WORK REQUIRED: Could the whole of the data below be written out verbatim?

START COLLECTED DATA

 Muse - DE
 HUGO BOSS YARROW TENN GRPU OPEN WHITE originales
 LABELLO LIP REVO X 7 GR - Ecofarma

END COLLECTED DATA

COMPLETED TASK:
 Muse - DE
 HUGO BOSS YARROW TENN GRPU OPEN WHITE originales
 LABELLO LIP REVO X 7 GR - Ecofarma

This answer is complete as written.